Effect of chloroquine (CQ) and NH4Cl on IL-8 gene expression in HL-60 (RA) cells and human PMNs.
A, The effect of CQ (5–50 μg/ml) and NH4Cl (30 mM) pre-incubation on rSSB-induced IL-8 gene expression in HL-60 (RA) cells was determined by ELISA (after 2 hours of stimulation) and Q-PCR (after 1 hour of stimulation). Relative ratios were calculated compared with the medium pretreatment group (set at 1.0). B, Effect of CQ (10 μg/ml) pre-incubation on rSSB-stimulated IL-8 mRNA expression (after 1 hour of stimulation) and IL-8 protein secretion (after 2 hours of stimulation) by normal PMNs. Relative ratios were calculated compared to medium control. C, Effect of CQ (5 μg/ml) pre-incubation on IL-8 production from rSSB-incubated PMNs from patients with SLE.
Fig 5.
Signaling pathways for rSSB-induced IL-8 production in normal human PMNs and HL-60 (RA) cells.

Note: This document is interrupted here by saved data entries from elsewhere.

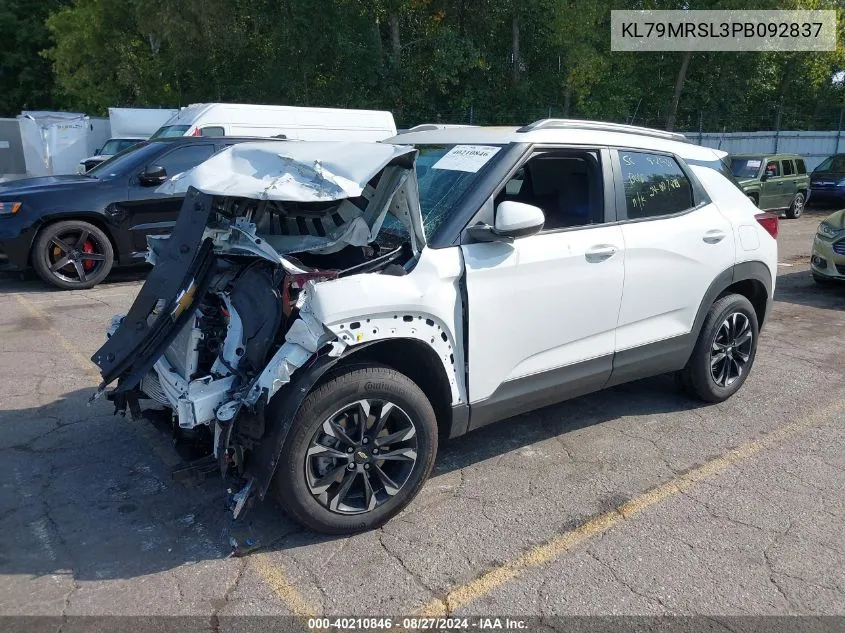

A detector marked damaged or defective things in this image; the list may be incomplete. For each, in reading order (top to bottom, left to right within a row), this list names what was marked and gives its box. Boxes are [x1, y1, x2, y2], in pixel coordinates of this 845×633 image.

fender damage [89, 142, 464, 520]
severe front-end damage [90, 143, 468, 524]
crumpled hood [157, 141, 416, 200]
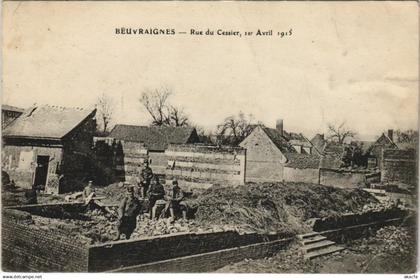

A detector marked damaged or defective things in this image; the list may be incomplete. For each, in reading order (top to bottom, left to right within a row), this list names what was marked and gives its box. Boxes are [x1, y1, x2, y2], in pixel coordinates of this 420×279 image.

damaged stone wall [164, 144, 244, 190]
damaged stone wall [380, 150, 416, 187]
damaged stone wall [2, 209, 89, 272]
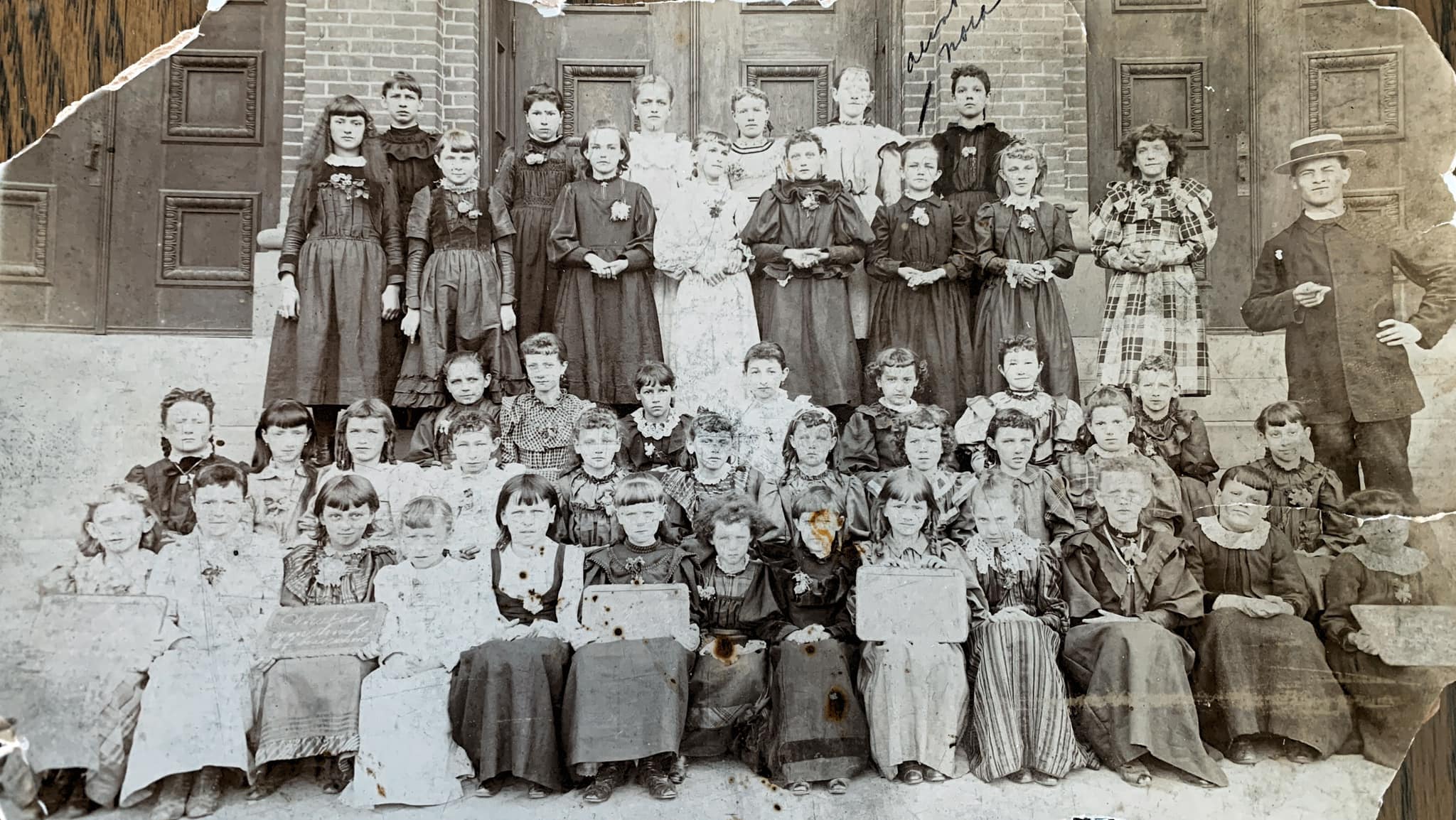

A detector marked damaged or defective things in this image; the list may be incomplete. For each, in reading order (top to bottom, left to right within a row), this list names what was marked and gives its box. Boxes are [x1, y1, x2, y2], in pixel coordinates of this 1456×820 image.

rust stain [825, 685, 847, 716]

A, Activation and phosphorylation of p38, ERK1/2 and JNK MAPK pathways by rSSB (10 μg/ml) in normal human PMNs. B, Activation and phosphorylation of p38 and ERK1/2 MAPK pathways by rSSB (10 μg/ml) in HL-60 (RA) cells. A representative blot of 3 independent experiments is shown in (A) and (B). C, The effects of specific inhibitors for p38 (SB203580, SB 10 μM), MEK-1 (PD98059, PD, 10 μM), p38 and MEK-1 (SB + PD, 10 μM each), and Gαi-protein-coupled receptors (pertussis toxin, PTX, 100 ng/ml) on rSSB (10 μg/ml)- or LPS (100 ng/ml) induced IL-8 production were compared. The relative ratio of IL-8 production in the medium pretreatment group was set at 1, and multiple comparisons were adjusted by Bonferroni correction. D, Nuclear translocation of NF-κB subunits p65 and p50 induced by rSSB (10 μg/ml) at 1 hour compared to medium control in HL-60 (RA) cells. *p<0.05. E, Nuclear translocation of NF-κB subunits p65 and p50 induced by rSSB (10 μg/ml) at 1 hour compared to medium control in normal human PMNs. A representative result of 2 independent experiments is shown in E.
Fig 6.
Schematic diagram illustrating the interactions of SSB with PMNs and the signaling pathways.
During infections or autoimmune responses, SSB molecules are released from damaged tissues and dead cells. The free SSB molecules activate PMN via MAPK pathways and NF-κB nuclear translocation to transcribe the IL-8 gene. TNF-α and SSB-anti-SSB immune complexes, which may utilize TNF-α receptors (TNFR) and Fc-gamma receptors (FcγR), respectively, augment IL-8 production probably through a final common pathway.